I took a deep breath and gripped the steering wheel until my knuckles went white. I rolled my eyes at the initiation-rite theory. And Mom always said your brother, Dave, like I didn't remember I had a brother or his name was Dave.

"I know about the cult arrest, Mom. I was here. Remember?"

"Of course I remember," she said, checking her soft-pink lipstick in the visor mirror and brushing back a strand of white hair. "But you were so upset by the divorce—you were distracted."

"I wasn't distracted and I wasn't upset. I was clear-headed for the first time in fifteen years. You were the one who was upset."

"You broke Jarret's heart. I wish you two would talk."

"I broke his heart? As if he had a heart to break."

My cheating, drinking ex-husband knew every button to push in my mother's celebrity-loving psyche. He still worked her like he worked rookie batters who faced him on the mound at Dodger Stadium.

"Forget about Jarret," I said. "I'm concerned about Robin. Please don't get her all stirred up about the meaning of those cards tonight. She's vulnerable and scared."

"Dear, please don't make dinner a therapy session. I want to see the cards. Robin told me it's an unusual deck. Maybe I'll recognize it."

I slowed near Robin's house, vowing we'd find the identity of the card-tacking delinquent before I ate my way up a size.

"Park there." My mother pointed at the only space on the block.

When we got out of the car, I saw another tarot card on Robin's door. My fists clenched with anger. We walked toward the two-bedroom bungalow, stopping under the porch light to stare at the picture of a skeleton, hands cupped over empty eye sockets, howling off the black background, with blood spurting through the finger bones. Five sword blades pointed up from beneath.

Mom threw her hand to her chest. "Oh dear Lord. The Five of Swords."

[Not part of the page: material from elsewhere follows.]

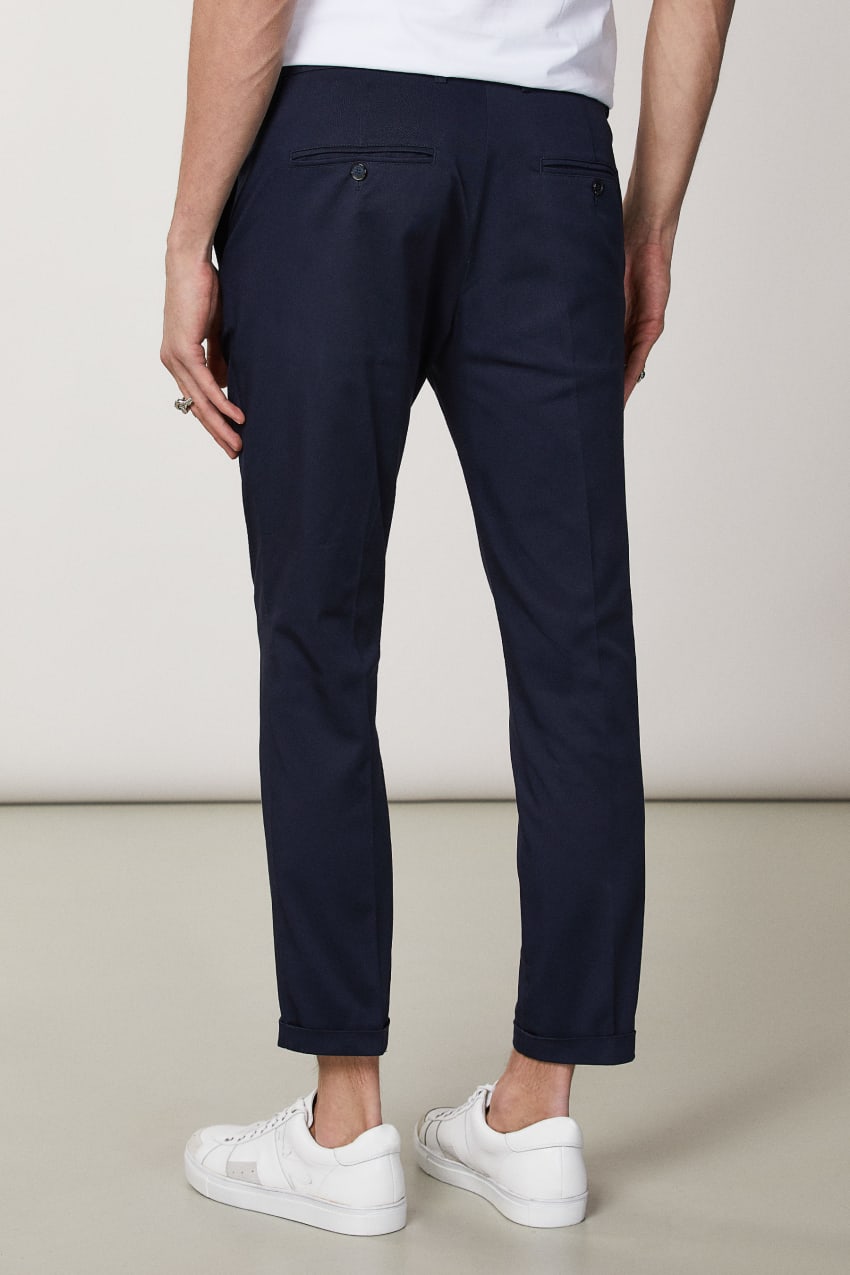 Patrizia Pepe Slim-fit Ankle-grazer Pants Niebieskie | 7240ENQPX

Robin opened the door, but her smile dropped as she followed our gaze to the card. She darted inside and returned with a baseball bat in her hand. I pulled the tarot card off the door.

"I'M WATCHING YOU" was scrawled across the back.

Robin elbowed past us toward the sidewalk. She looked up and down the street, then turned to me, her voice harsh. "Did you see anyone when you pulled up?"

"Not a soul." Crap—bad choice of words.

The three of us searched behind the bushes landscaping the front of the house. A crow cawed from the corner of the yard.

Robin swung the bat at the bird. "Get. The. Hell. Out of here."

I took her arm. "Take it easy. Let's go back inside."

"I'm getting your brother, Dave, over here." My mother took out her phone.

"Call the Van Nuys police. They're closer," I said.

Robin looked toward the street. "They're not going to help. They said they'd send a patrol. Do you see a patrol? No. Me either. Nothing. I'm going to find this jerk and whack some sense into him."

The Sunday Los Angeles Times sat on the lawn, untouched.

"Did you go out at all today?" I said to Robin.

"No."

"The card could have been on the door overnight?"

"Maybe." She dropped the bat to her side.

"Any hang-ups today?"

"Not yet."

"Come on. We've looked enough." I slipped the bat from Robin's fist and led her inside.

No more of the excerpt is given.